> [EXERCISE BRIEF] Return each line exactly as written. Begin with the first line of the entries and end with the line that has "ही समाधान जनता".

________________

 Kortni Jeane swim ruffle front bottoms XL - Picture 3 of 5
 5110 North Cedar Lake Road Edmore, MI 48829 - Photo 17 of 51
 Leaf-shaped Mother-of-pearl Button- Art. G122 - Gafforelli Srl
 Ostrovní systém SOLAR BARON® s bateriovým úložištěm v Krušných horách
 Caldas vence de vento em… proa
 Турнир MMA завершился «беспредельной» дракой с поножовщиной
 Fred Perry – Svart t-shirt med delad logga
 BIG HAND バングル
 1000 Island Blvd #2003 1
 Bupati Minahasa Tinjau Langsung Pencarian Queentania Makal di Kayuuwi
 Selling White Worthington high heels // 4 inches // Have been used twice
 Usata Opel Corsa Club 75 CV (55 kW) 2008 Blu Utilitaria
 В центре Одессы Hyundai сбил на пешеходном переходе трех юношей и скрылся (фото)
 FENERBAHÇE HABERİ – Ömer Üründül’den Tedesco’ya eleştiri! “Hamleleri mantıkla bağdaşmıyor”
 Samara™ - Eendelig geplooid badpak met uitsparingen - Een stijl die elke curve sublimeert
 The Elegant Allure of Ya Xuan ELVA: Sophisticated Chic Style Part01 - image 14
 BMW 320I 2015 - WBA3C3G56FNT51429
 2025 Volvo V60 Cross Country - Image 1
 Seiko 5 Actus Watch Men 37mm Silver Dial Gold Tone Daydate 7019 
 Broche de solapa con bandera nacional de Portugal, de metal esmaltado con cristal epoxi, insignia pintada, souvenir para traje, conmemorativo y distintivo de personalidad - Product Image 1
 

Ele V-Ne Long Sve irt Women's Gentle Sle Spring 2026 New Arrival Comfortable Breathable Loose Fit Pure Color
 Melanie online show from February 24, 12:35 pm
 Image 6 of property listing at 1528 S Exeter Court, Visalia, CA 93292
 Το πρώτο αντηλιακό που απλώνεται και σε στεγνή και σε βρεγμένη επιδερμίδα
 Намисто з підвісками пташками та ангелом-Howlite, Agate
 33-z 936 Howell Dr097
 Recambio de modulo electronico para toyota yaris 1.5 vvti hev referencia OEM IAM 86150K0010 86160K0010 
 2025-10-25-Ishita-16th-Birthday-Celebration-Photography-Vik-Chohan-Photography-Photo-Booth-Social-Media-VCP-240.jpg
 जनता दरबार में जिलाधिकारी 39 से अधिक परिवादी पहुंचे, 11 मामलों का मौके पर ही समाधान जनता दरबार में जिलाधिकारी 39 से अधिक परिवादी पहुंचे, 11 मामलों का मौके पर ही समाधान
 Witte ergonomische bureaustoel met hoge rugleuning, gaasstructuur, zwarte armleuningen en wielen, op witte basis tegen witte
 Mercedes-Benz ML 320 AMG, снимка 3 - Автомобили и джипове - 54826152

________________

> [EXERCISE OUTPUT]
 Kortni Jeane swim ruffle front bottoms XL - Picture 3 of 5
 5110 North Cedar Lake Road Edmore, MI 48829 - Photo 17 of 51
 Leaf-shaped Mother-of-pearl Button- Art. G122 - Gafforelli Srl
 Ostrovní systém SOLAR BARON® s bateriovým úložištěm v Krušných horách
 Caldas vence de vento em… proa
 Турнир MMA завершился «беспредельной» дракой с поножовщиной
 Fred Perry – Svart t-shirt med delad logga
 BIG HAND バングル
 1000 Island Blvd #2003 1
 Bupati Minahasa Tinjau Langsung Pencarian Queentania Makal di Kayuuwi
 Selling White Worthington high heels // 4 inches // Have been used twice
 Usata Opel Corsa Club 75 CV (55 kW) 2008 Blu Utilitaria
 В центре Одессы Hyundai сбил на пешеходном переходе трех юношей и скрылся (фото)
 FENERBAHÇE HABERİ – Ömer Üründül’den Tedesco’ya eleştiri! “Hamleleri mantıkla bağdaşmıyor”
 Samara™ - Eendelig geplooid badpak met uitsparingen - Een stijl die elke curve sublimeert
 The Elegant Allure of Ya Xuan ELVA: Sophisticated Chic Style Part01 - image 14
 BMW 320I 2015 - WBA3C3G56FNT51429
 2025 Volvo V60 Cross Country - Image 1
 Seiko 5 Actus Watch Men 37mm Silver Dial Gold Tone Daydate 7019 
 Broche de solapa con bandera nacional de Portugal, de metal esmaltado con cristal epoxi, insignia pintada, souvenir para traje, conmemorativo y distintivo de personalidad - Product Image 1
 

Ele V-Ne Long Sve irt Women's Gentle Sle Spring 2026 New Arrival Comfortable Breathable Loose Fit Pure Color
 Melanie online show from February 24, 12:35 pm
 Image 6 of property listing at 1528 S Exeter Court, Visalia, CA 93292
 Το πρώτο αντηλιακό που απλώνεται και σε στεγνή και σε βρεγμένη επιδερμίδα
 Намисто з підвісками пташками та ангелом-Howlite, Agate
 33-z 936 Howell Dr097
 Recambio de modulo electronico para toyota yaris 1.5 vvti hev referencia OEM IAM 86150K0010 86160K0010 
 2025-10-25-Ishita-16th-Birthday-Celebration-Photography-Vik-Chohan-Photography-Photo-Booth-Social-Media-VCP-240.jpg
 जनता दरबार में जिलाधिकारी 39 से अधिक परिवादी पहुंचे, 11 मामलों का मौके पर ही समाधान जनता दरबार में जिलाधिकारी 39 से अधिक परिवादी पहुंचे, 11 मामलों का मौके पर ही समाधान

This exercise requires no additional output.